The Revolutionary Tendency first crystallized around opposition to the SWP's line regarding the Cuban Revolution. The leadership regarded the Cuban regime as a full blown workers' state deserving unqualified defense by the Party. The RT rejected this because of the revolution's "petty bourgeois" leadership, and the absence of a vanguard party prior to the overthrow of the authoritarian government of Fulgencio Batista on 1 January 1959. The RT also objected to the moves of the SWP toward leaving the International Committee of the Fourth International and joining the "Pabloite" International Secretariat of the Fourth International. They also saw a danger of Pabloism within the SWP as well, because of what they regarded as a downplaying of the counter-revolutionary role of Stalinism. All of these positions were spelled out in a document called "In Defense of a Revolutionary Perspective - A Statement of Basic Positions", drawn up by Tim Wohlforth and others and presented to the SWP national committee in March 1962.
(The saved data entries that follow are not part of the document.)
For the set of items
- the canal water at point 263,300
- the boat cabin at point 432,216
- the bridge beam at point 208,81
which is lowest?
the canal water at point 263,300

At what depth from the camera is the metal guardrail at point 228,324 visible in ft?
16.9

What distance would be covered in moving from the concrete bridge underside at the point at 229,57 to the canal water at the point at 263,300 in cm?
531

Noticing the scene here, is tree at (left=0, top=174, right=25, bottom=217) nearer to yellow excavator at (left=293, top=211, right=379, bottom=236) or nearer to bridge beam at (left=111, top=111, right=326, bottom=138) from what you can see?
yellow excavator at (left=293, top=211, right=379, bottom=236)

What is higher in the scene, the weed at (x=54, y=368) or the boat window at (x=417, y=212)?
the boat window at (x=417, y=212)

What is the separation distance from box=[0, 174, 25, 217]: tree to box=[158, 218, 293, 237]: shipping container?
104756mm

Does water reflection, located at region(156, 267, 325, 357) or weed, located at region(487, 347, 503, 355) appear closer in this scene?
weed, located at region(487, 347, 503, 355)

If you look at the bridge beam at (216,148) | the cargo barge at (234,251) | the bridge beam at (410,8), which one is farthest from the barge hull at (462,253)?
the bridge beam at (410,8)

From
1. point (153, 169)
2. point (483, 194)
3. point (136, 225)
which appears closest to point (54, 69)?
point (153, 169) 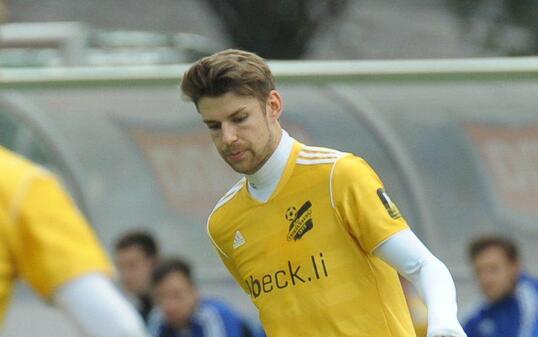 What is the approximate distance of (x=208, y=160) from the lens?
1022 centimetres

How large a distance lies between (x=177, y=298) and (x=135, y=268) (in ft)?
1.56

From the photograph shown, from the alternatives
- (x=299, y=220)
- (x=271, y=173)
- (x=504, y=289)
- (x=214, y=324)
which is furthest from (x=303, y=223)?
(x=214, y=324)

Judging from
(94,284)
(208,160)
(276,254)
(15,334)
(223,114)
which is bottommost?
(94,284)

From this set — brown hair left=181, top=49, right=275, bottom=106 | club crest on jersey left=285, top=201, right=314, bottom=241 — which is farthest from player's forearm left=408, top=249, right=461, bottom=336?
brown hair left=181, top=49, right=275, bottom=106

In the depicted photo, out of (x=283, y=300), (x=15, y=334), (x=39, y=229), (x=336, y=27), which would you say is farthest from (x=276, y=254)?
(x=336, y=27)

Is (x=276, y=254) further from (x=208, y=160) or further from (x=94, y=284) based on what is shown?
(x=208, y=160)

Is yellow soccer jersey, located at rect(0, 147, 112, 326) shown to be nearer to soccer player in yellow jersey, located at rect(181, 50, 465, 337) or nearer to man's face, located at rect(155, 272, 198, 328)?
soccer player in yellow jersey, located at rect(181, 50, 465, 337)

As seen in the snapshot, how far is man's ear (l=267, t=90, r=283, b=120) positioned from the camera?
516 centimetres

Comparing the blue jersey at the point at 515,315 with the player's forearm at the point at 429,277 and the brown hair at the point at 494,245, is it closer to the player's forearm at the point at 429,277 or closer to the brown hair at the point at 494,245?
the brown hair at the point at 494,245

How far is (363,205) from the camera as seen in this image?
4973 millimetres

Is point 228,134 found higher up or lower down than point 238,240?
higher up

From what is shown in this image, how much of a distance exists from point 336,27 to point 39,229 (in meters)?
19.1

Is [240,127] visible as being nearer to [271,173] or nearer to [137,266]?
[271,173]

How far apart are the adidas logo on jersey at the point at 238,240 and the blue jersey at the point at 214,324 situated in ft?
12.5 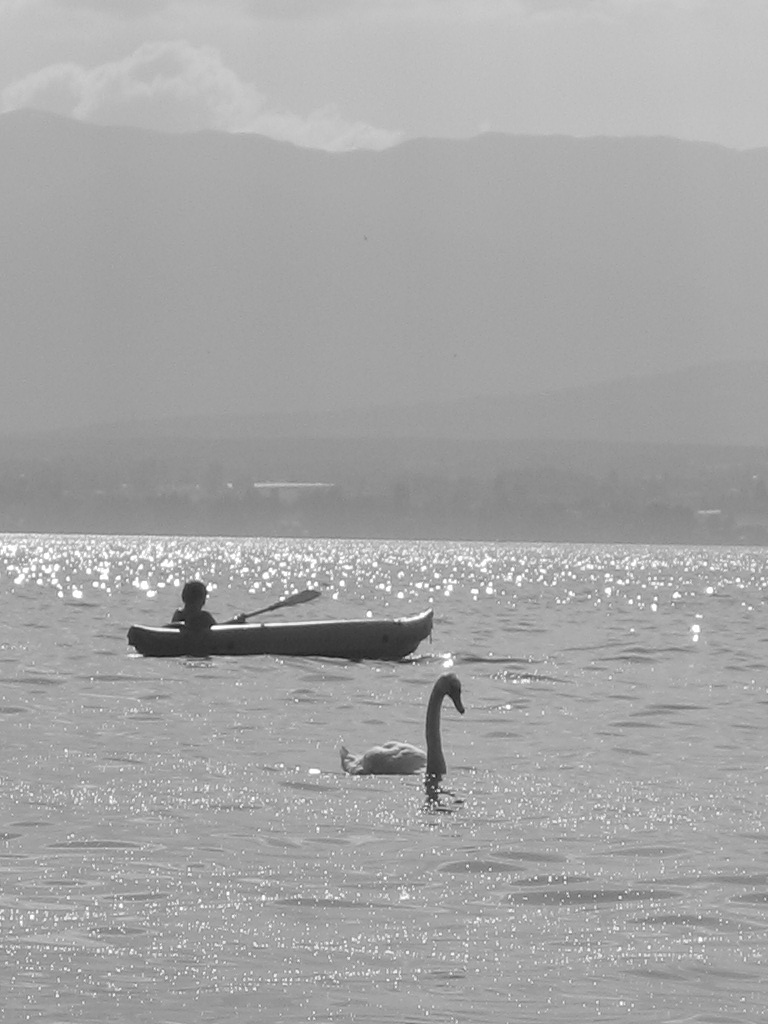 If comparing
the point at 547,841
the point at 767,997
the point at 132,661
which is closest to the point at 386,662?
the point at 132,661

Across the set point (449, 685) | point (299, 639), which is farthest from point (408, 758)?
point (299, 639)

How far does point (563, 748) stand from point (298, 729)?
16.4 ft

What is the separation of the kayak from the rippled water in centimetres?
83

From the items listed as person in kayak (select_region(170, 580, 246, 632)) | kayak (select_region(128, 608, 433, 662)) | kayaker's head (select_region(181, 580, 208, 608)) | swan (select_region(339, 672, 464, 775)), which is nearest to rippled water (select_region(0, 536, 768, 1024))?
swan (select_region(339, 672, 464, 775))

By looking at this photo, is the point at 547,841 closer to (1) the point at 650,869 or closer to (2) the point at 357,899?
(1) the point at 650,869

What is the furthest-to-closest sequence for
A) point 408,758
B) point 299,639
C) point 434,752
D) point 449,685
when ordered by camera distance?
point 299,639 < point 449,685 < point 408,758 < point 434,752

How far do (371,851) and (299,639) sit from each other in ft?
100

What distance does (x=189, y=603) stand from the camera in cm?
5006

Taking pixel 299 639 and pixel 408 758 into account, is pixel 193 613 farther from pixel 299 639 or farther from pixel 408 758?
pixel 408 758

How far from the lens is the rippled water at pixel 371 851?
54.9 feet

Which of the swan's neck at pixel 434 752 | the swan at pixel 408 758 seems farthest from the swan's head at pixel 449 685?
the swan's neck at pixel 434 752

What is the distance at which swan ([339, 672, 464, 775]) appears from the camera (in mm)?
28406

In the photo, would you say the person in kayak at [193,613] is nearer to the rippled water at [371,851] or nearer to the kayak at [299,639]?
the kayak at [299,639]

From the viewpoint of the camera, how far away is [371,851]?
2255cm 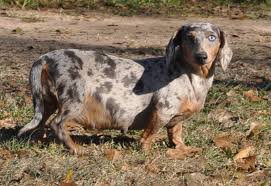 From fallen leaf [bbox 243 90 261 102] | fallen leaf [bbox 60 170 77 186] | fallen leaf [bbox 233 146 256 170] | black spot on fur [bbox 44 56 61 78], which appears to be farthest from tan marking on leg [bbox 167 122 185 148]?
fallen leaf [bbox 243 90 261 102]

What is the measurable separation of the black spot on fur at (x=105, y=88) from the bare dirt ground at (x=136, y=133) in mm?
403

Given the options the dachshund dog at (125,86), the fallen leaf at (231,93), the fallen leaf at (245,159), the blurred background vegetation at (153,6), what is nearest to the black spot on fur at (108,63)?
the dachshund dog at (125,86)

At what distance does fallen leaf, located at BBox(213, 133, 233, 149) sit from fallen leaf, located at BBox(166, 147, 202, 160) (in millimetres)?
203

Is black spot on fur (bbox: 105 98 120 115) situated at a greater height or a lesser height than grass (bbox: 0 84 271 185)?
greater

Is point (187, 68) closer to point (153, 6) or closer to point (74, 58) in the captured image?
point (74, 58)

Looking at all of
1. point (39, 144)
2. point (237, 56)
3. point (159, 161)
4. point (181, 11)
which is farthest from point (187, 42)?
point (181, 11)

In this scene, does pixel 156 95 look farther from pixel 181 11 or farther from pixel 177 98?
pixel 181 11

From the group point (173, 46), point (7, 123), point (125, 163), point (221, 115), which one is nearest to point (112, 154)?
point (125, 163)

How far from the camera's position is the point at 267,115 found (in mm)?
6125

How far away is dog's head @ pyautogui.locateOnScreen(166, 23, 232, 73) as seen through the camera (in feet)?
15.8

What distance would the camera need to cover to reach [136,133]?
557 centimetres

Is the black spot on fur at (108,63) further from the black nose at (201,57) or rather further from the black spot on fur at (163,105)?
the black nose at (201,57)

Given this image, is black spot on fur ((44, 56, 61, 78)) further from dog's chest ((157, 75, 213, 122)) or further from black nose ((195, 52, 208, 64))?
black nose ((195, 52, 208, 64))

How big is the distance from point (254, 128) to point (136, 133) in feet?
3.02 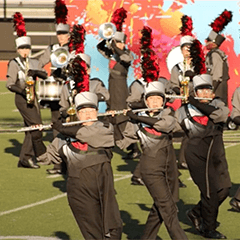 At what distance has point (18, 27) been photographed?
15.6 metres

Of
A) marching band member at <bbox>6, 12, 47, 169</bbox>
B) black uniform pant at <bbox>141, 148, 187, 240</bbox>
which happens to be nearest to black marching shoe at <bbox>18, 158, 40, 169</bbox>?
marching band member at <bbox>6, 12, 47, 169</bbox>

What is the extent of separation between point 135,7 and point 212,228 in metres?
10.2

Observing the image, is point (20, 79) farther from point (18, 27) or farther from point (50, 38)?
point (50, 38)

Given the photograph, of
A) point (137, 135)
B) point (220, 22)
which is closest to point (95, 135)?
point (137, 135)

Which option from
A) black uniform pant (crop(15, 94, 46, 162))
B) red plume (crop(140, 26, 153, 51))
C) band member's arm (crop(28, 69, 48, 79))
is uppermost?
red plume (crop(140, 26, 153, 51))

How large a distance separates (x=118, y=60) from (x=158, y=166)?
→ 7079 mm

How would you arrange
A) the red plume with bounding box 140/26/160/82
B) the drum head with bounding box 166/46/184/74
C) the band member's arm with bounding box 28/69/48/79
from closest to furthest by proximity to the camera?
the red plume with bounding box 140/26/160/82, the band member's arm with bounding box 28/69/48/79, the drum head with bounding box 166/46/184/74

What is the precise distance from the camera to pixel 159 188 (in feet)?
31.2

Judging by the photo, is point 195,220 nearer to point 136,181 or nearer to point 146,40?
point 146,40

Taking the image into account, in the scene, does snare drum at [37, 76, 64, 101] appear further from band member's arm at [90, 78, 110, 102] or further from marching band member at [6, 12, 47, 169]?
band member's arm at [90, 78, 110, 102]

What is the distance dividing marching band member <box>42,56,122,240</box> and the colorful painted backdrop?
1080cm

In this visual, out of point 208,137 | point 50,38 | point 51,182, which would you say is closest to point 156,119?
point 208,137

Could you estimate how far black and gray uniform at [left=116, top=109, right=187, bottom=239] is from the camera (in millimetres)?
9500

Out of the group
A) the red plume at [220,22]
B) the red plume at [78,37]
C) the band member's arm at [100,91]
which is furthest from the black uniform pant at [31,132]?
the red plume at [220,22] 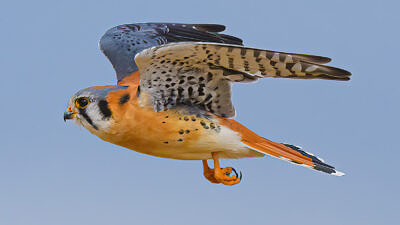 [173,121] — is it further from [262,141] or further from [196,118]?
[262,141]

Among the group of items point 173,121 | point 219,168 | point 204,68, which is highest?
point 204,68

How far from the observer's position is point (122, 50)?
8.13m

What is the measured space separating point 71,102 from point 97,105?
293 millimetres

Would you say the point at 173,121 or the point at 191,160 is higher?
the point at 173,121

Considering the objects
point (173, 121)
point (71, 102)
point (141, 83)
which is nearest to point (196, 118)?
point (173, 121)

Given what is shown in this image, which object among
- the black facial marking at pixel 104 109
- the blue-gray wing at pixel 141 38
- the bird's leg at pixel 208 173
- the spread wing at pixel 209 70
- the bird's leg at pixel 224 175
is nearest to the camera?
the spread wing at pixel 209 70

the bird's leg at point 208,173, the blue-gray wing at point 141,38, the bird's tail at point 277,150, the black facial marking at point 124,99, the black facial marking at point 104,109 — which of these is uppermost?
the blue-gray wing at point 141,38

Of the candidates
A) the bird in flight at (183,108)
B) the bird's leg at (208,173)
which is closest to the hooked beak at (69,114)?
the bird in flight at (183,108)

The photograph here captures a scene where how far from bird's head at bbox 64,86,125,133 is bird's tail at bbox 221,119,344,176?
3.90 feet

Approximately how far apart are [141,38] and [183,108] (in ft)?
6.55

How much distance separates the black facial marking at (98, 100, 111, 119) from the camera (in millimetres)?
6703

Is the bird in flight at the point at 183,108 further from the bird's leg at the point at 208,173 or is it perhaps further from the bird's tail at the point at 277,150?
the bird's leg at the point at 208,173

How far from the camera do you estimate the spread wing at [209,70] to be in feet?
20.0

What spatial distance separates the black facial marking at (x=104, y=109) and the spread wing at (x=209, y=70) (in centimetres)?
39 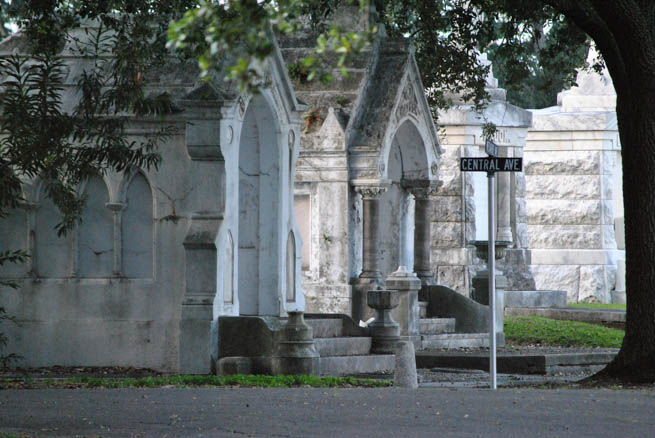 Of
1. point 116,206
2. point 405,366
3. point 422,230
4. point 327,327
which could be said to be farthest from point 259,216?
point 422,230

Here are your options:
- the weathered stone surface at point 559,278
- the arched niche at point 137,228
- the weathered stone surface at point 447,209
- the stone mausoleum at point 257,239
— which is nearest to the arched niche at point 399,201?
the stone mausoleum at point 257,239

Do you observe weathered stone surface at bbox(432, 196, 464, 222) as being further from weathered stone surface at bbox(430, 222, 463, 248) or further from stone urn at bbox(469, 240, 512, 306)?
stone urn at bbox(469, 240, 512, 306)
The tendency was concentrated among members who had been in the left wing of the Young Socialist League who had rejected merger into the Young People's Socialist League when Max Shachtman, leader of the parent Independent Socialist League had merged with the YPSL's parent group, the Socialist Party-Social Democratic Federation. This group had subsequently been recruited by the SWP and were instrumental in founding the SWPs new youth group, the Young Socialist Alliance in 1960.

The initial membership of the tendency was quite small, about 35 in October 1961, with clusters in New York and Bay Area of about 15 each. Subsequently the tendency grew with cadres in Detroit, Philadelphia and New Haven, Connecticut. The RT initially controlled the National Committee of the YSA, but the SWP leadership was able to out them.

On November 1, 1963 the Political Committee adopted a resolution suspending James Robertson, Shane Mage, Larry Ireland, and Lynne Harper. Two months later the Committee voted 18-1 to expel these members entirely. Early the next year the first issue of Spartacist appeared dated "February–March 1964" and published by "the supporters of the Revolutionary Tendency expelled from the Socialist Workers Party". The paper announced that the group would continue publishing "pending our re-admission to the SWP and resumption of our proper role within it." The expelled members appealed their expulsion to the Fourth International (FI). They sent a letter dated February 23, 1964 to Pierre Frank requesting the FI to express their opinion regarding their organizational rights. On April 17 Frank replied, enclosing a resolution of the FI condemning the Spartacists. The expelled group tried one last time to appeal its expulsion. In May 1965 Harry Turner requested that the USFI allow it to present its case to its World Congress scheduled for that June. They were again rebuffed, claiming that since the SWP was not an official section of the FI they had no jurisdiction in the matter.

== Reorganized Minority Tendency ==
In 1962 the RT itself splintered. A section that called itself the Reorganized Minority Tendency, which included Wohlforth, Albert Philips, Fred Mazelis and Lyndon LaRouche, split off. This group was more vocal in its adherence to the International Committee, and to the line led by Gerry Healy and the British Socialist Labour League. They also rejected the RTs characterization of the SWP as centrist, which they regarded as "giving up the political battle before it has begun". They were adamant against splitting the SWP, and obeying internal party discipline. At the 1963 SWP convention the Party decided to join the United Secretariat of the Fourth International and remove Wohlforth, who was already taking instructions from Healy, from his position on the Political Committee. The RMT members were expelled in early 1964 after disagreeing with the position the Party took with regard to the actions of the Trotskyist party in Ceylon. The expelled members reorganized themselves as the American Committee for the Fourth International.